------ RECORDS FOR THE TASK
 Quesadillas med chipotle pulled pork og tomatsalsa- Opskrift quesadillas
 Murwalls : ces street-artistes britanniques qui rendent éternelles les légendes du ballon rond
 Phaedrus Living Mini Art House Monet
------------
------ RECORDS FOR THE TASK
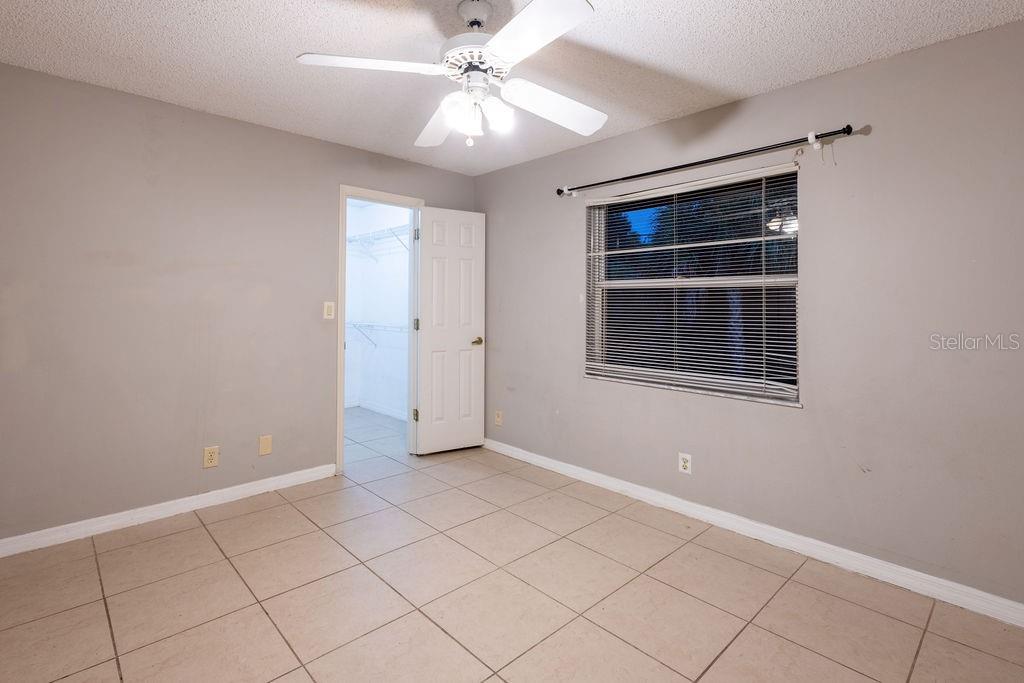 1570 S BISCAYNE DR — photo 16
------------
------ RECORDS FOR THE TASK
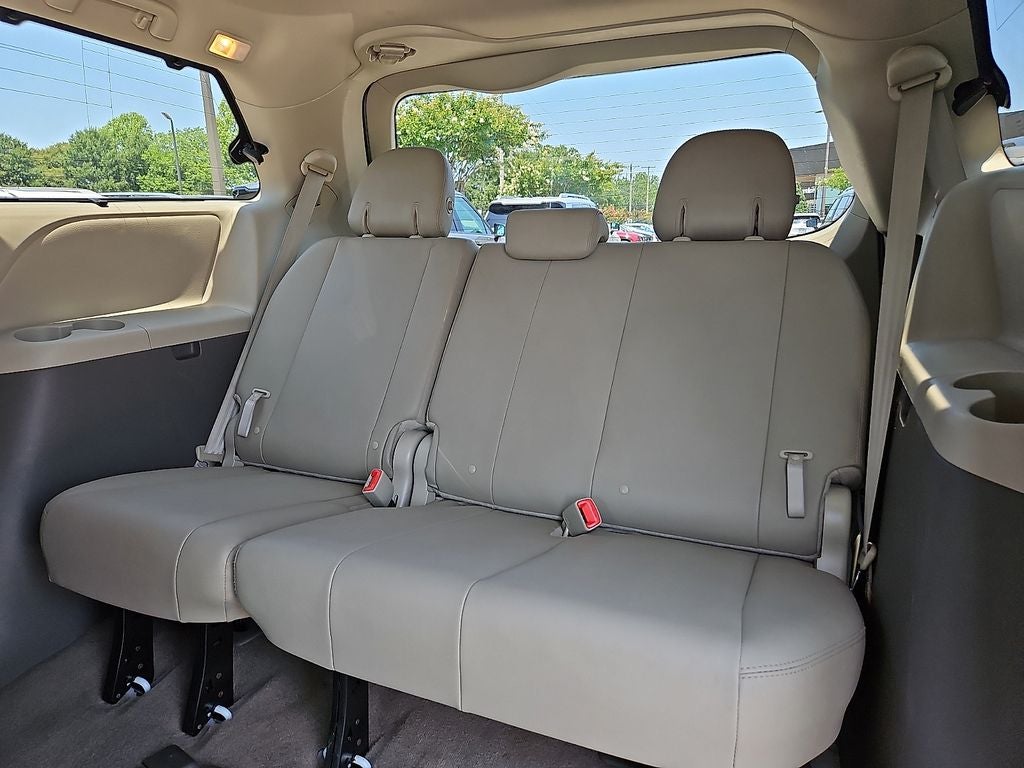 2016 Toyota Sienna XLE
------------
*EXERCISE REQUIREMENTS*
Using the data above, transcribe the lines that run from the line with "Quesadillas med chipotle" to the line with "Phaedrus Living Mini Art House Monet", both ends kept, and output nothing else.

*THE ANSWER*
 Quesadillas med chipotle pulled pork og tomatsalsa- Opskrift quesadillas
 Murwalls : ces street-artistes britanniques qui rendent éternelles les légendes du ballon rond
 Phaedrus Living Mini Art House Monet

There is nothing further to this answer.